Task description: Go to the line containing "Nepalese vs Immigrants" in the records below and print it and every following line exactly, on through the line containing "Full Download Sample", then stop.

Task material:
..........

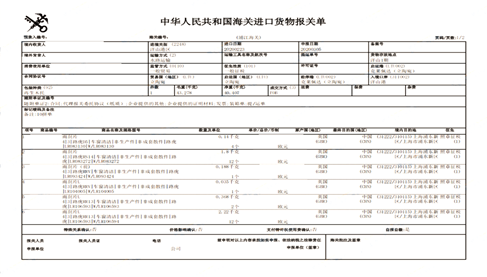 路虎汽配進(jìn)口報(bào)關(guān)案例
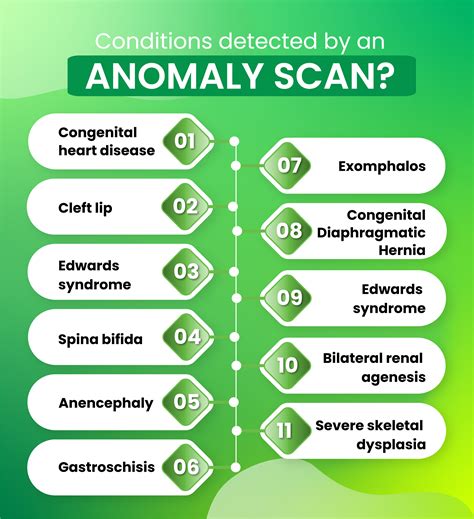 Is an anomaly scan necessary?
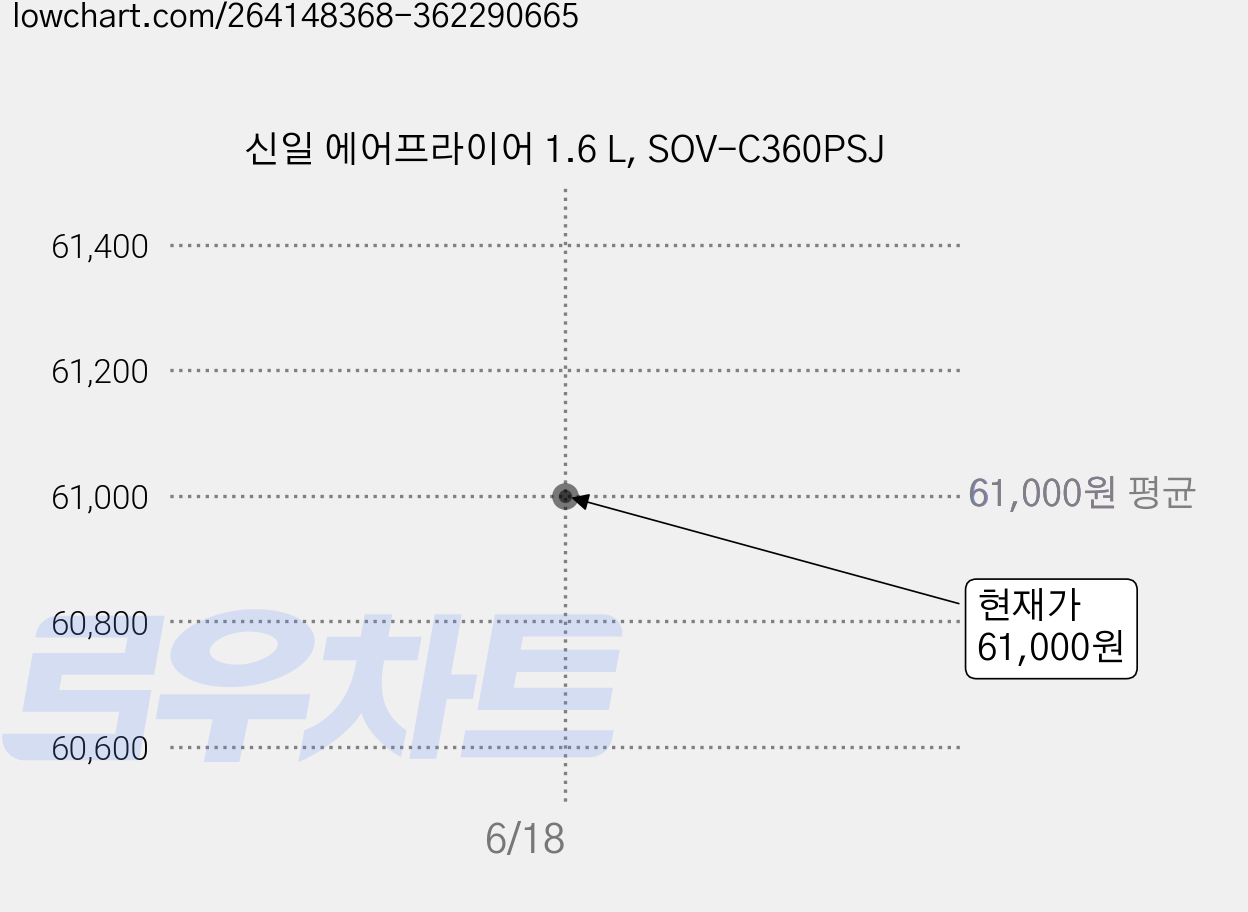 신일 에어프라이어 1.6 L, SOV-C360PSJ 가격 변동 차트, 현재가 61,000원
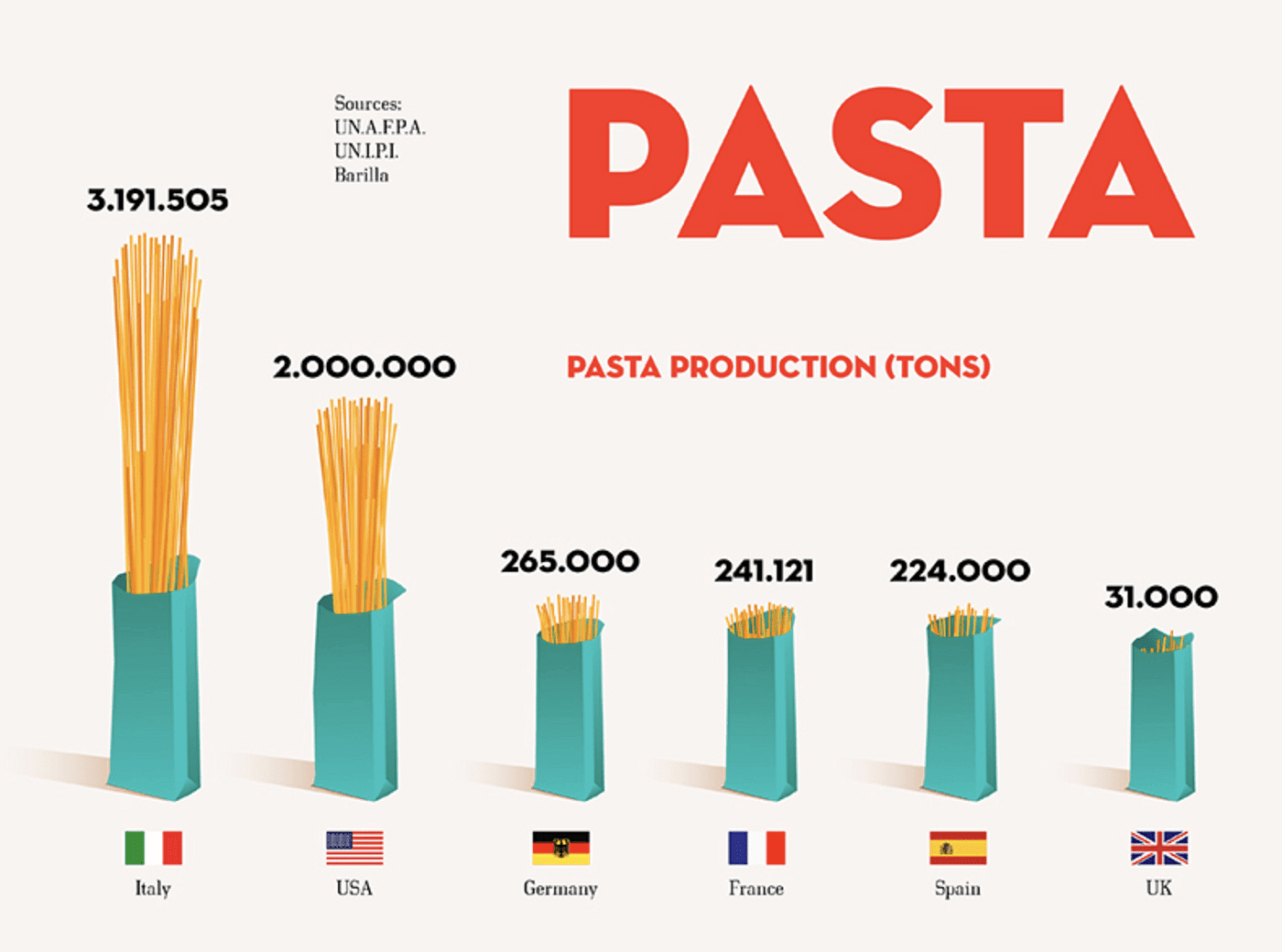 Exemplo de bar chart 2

..........

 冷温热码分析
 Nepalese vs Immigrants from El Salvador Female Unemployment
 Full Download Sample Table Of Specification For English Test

..........

Exercise answer:
 Nepalese vs Immigrants from El Salvador Female Unemployment
 Full Download Sample Table Of Specification For English Test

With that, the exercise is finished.